Here we go again; another day and another question about Clearwire future! They need money again and so far Sprint was the only main source of cash, but probably not for long. Sprint, which merged its wireless broadband unit with Clearwire in 2008, invested $1.2 billion into the company in late 2009. Credit Suisse analyst Jonathan Chaplin estimates Clearwire needs $4 billion to cover 200 million people in the U.S. by the end of 2011, up from the 120 million people it expects to cover by the end of this year. With limitations in the capital market, there are not many choices for Clearwire. While Sprint board is already divided on the issue of future capital injection, some people speculating the need to bring another operator as a major investor; like T-Mobile USA, into the mix to inject some capital and reduce the pressure on Sprint. The logic is sharing the network with Sprint could cut the cost for both parties, T-Mobile can benefit from this collaboration since they do not have a clear plan for their 4G roll-out.
But it is not that simple. T-Mobile as a GSM/UMTS based operator and in line with other T-Mobile operations around the world, needs to follow LTE path for the sake of its own integrity. While Sprint is struggling with its WiMAX launch because of limited available handsets, this issue will be even more problematic for T-Mobile, since most of the GSM world players have already chosen LTE as their migration path. Therefore, there will be no or very limited market for a GSM/UMTS/WiMAX phone.

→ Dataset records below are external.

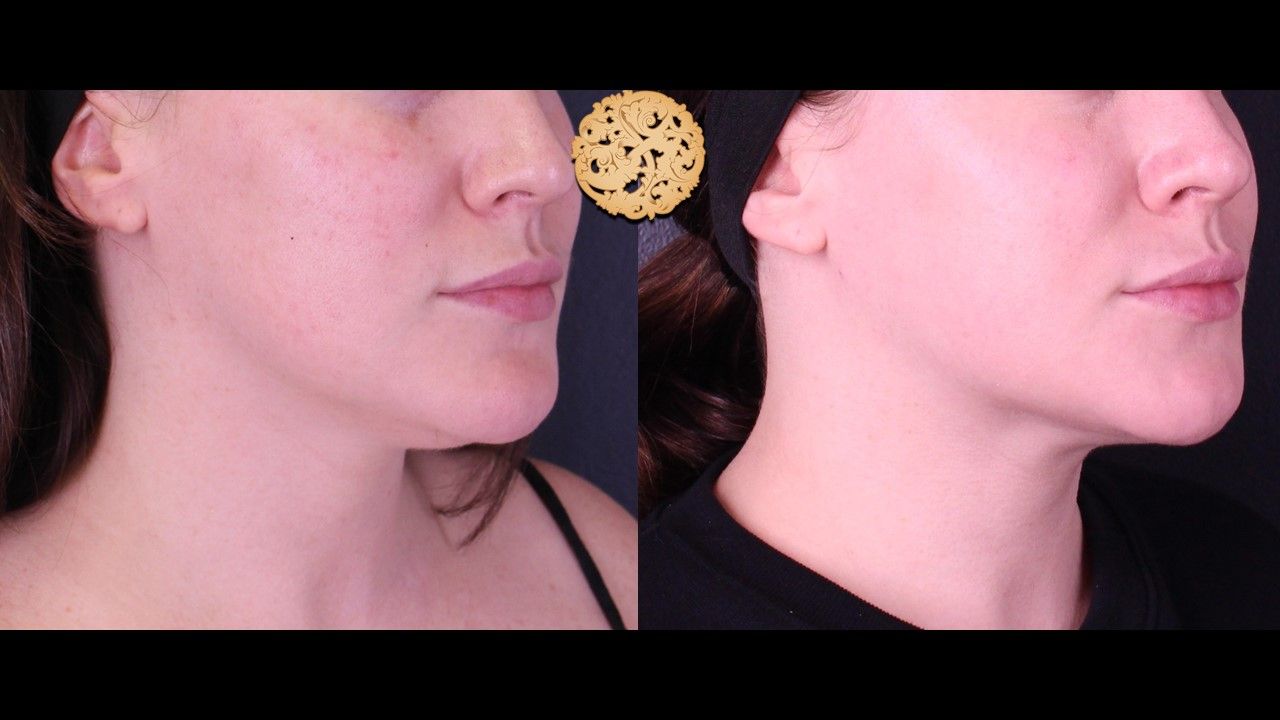 Facetite Before & After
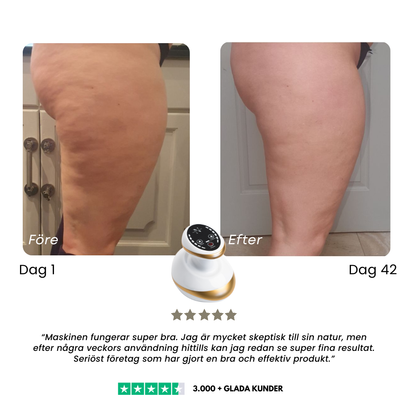 CelluSmooth™ – Cellulit massageapparat
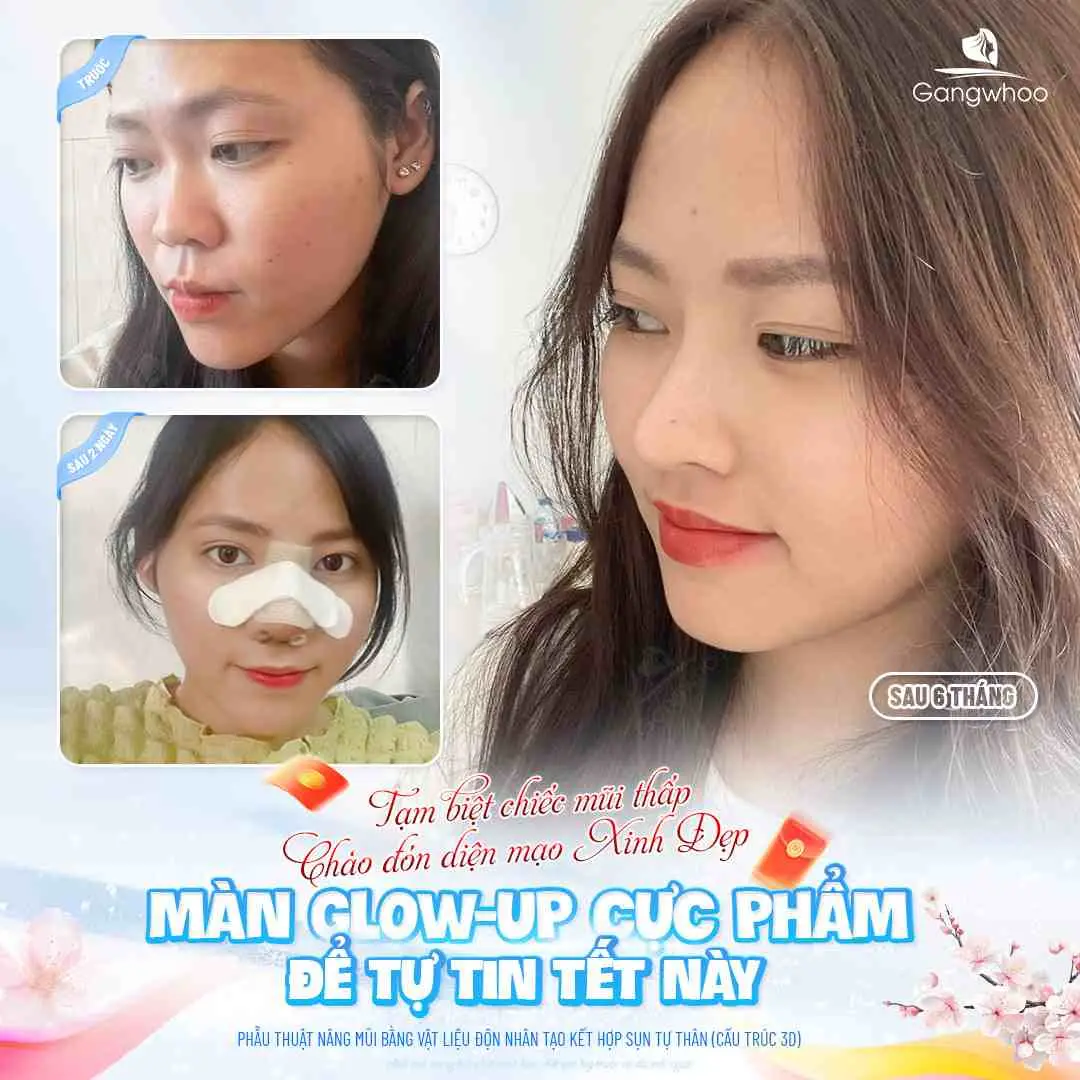 Lưu ý khi ăn khoai lang sau nâng mũi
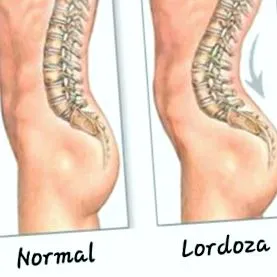 lordosis lordosis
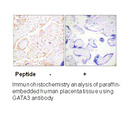 Product image for GATA3 (Ab-308) Antibody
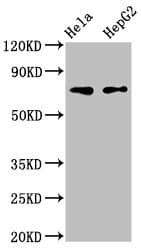 Polyclonal Rabbit anti-Human FRMD6 Antibody (IHC)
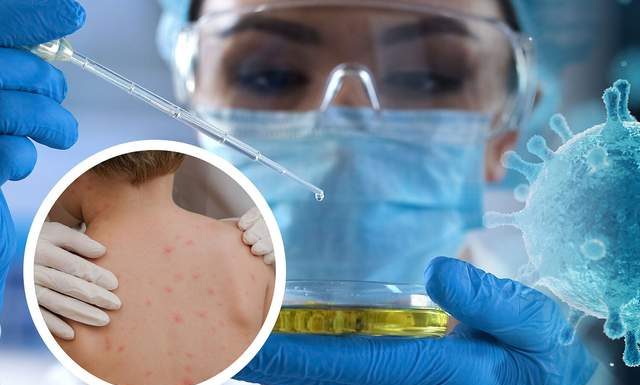 Maroc: Un touriste en vacances hospitalisé avec une suspicion de Mpox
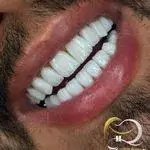 کلینیکدندانپزشکی دنتال آرنا-بیمه نیستیم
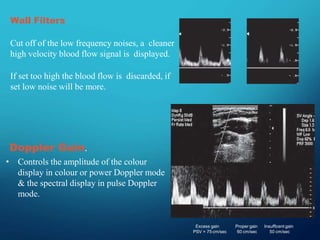 Exploring Doppler Effect Physics: Frequency Shifts in Sound and Light ...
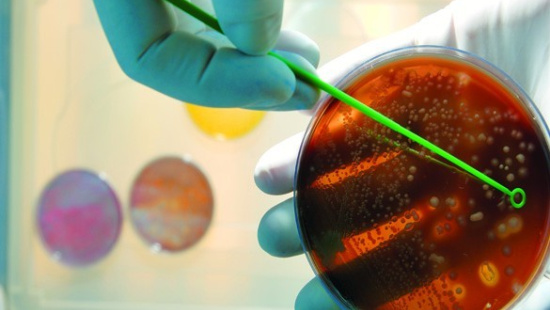 Contagem bacteriana total: Entendendo o processo de análise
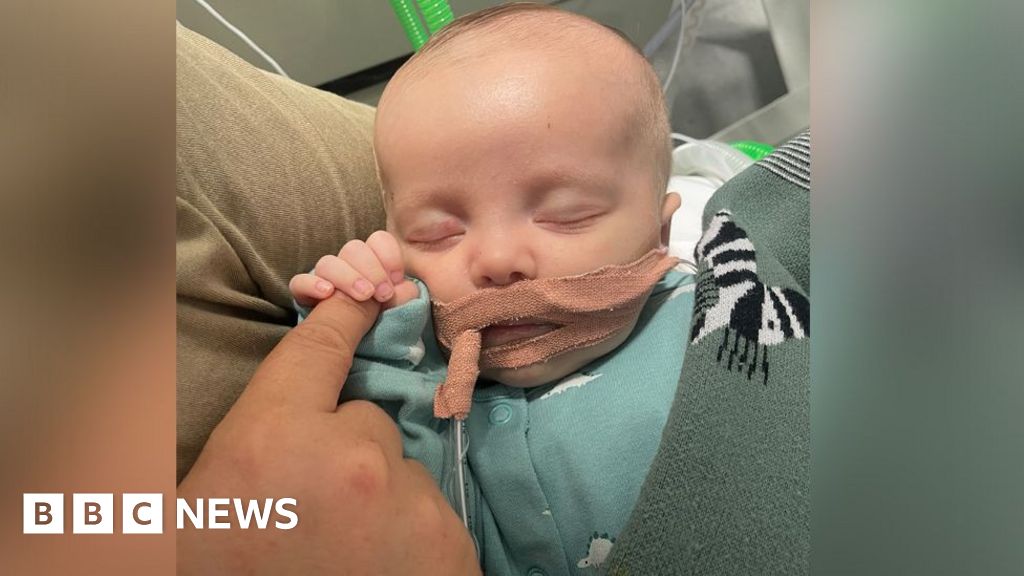 Baby's parents make plea for heart transplant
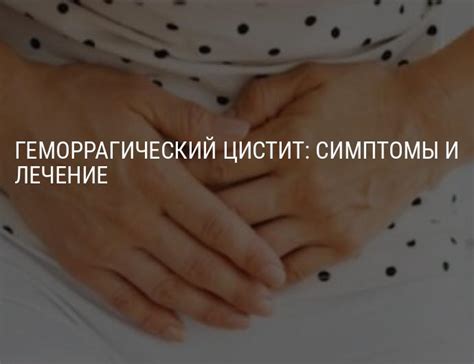 Геморрагический цистит: симптомы и лечение у женщин, детей и мужчин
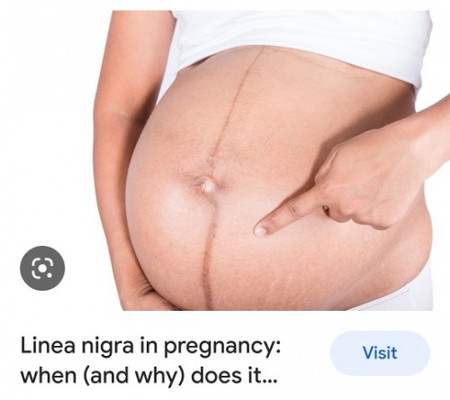 Hi mommies. Linea nigra ni hilang tak lepas bersalin? Or ada cara untuk hilangkan please share ya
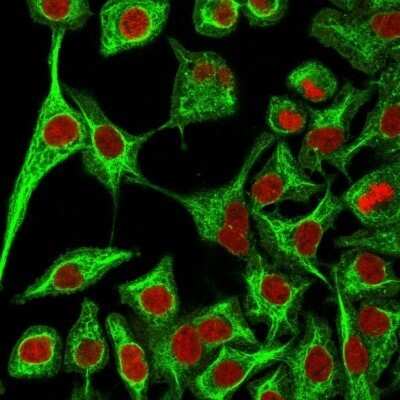 Immunocytochemistry/ Immunofluorescence: Cytokeratin 14 Antibody (SPM263) - Azide and BSA Free [NBP2-34403]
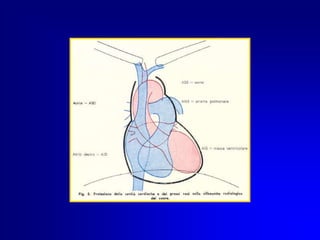  Evitare di far procedere il catetere una volta posizionato e fissato . (rischio infettivo)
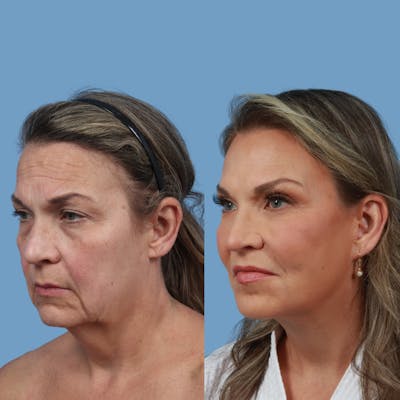 Facelift Before & After Gallery - Patient 370488 - Image 1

Bottom line, it is decision time for Clearwire. They should come out of cash burning mode and create a real revenue to survive in this market.
The latest news from Sprint regarding their 4G offering problems due to lack of handsets and the news considering LTE roll out from Sprint management in the span of a week point to an unknown future for Clearwire and WiMAX deployment in the mobile domain in the US. Sprint management learned their lesson that a legacy cellular operator can not launch a service/network just based on data cards!
Clearwire with annual operational expenses of $0.5 billion and capital expenses requirement for expansion around $2-3 billion can not rely on its own revenue of $300 million! It is difficult to continue raising $3 billion per year with an unclear plan and justification of being a nationwide operator; sometime in the future. With capital mark dire situation and Sprint issues, Clearwire options are limited.